That time between Christmas and New Year. It is different yet the same. I’m doing normal everyday activities, work, home, laundry, potato cooking. Yet the world feels different, provocative, pensive, slow, quiet, introspective. In the morning on the way to work streets, shops, trains are quiet, spacious, comfortable. Now, in early evening, the streets are impossibly crowded with families and tourists, aimlessly thronging in unshaped groups, like headless ameobae, looking at bring things displayed to draw their attention, filling the time, giving reason to their exertions in coming here, validating the occasion.
The days have been darker this winter. We are in the fallout of a disastrous election, seeing a horrific fascist undercurrent emerging, to a blatant level of hate not seen by me before. Right wing wealth using power to protect itself. The nationalist underclass mass assuming (being given?) free reign to attack, terrorise and exclude those displaying qualities of otherness. Jewish business premises have had swastikas painted on them overnight, by narrow-minded cowards.
Because of work hours I haven’t seen much daylight since early December.

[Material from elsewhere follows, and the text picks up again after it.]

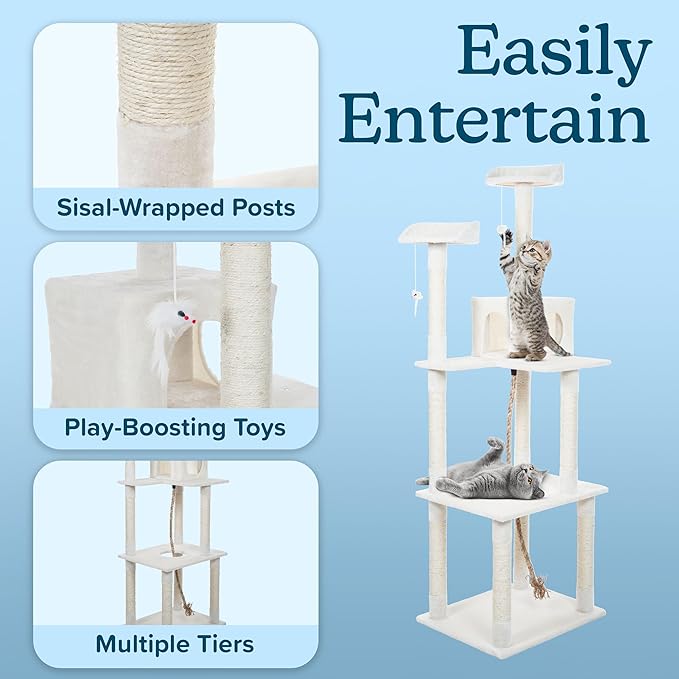 Cat Tree - 6-Foot Cat Tower for Indoor Cats with Napping Perches, Kitty Condo, 9 Cat Scratching Posts, 2 Hanging Toys, and Rope by PETMAKER (Ivory)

Working in theatre means odd, irregular, sometimes long working days. I’m not going to say “anti-social hours” because I don’t think the hours are anti-social, they suit me fine. I would find Monday – Friday 9-5 far more uncivilised and stifling. People who work that type of pattern often can’t comprehend anything different. My mother viewed the 9-5 pattern as some sort of social status, an achievement, a visible flag to wave, as if telling others that one has established oneself. I can’t imagine anything worse.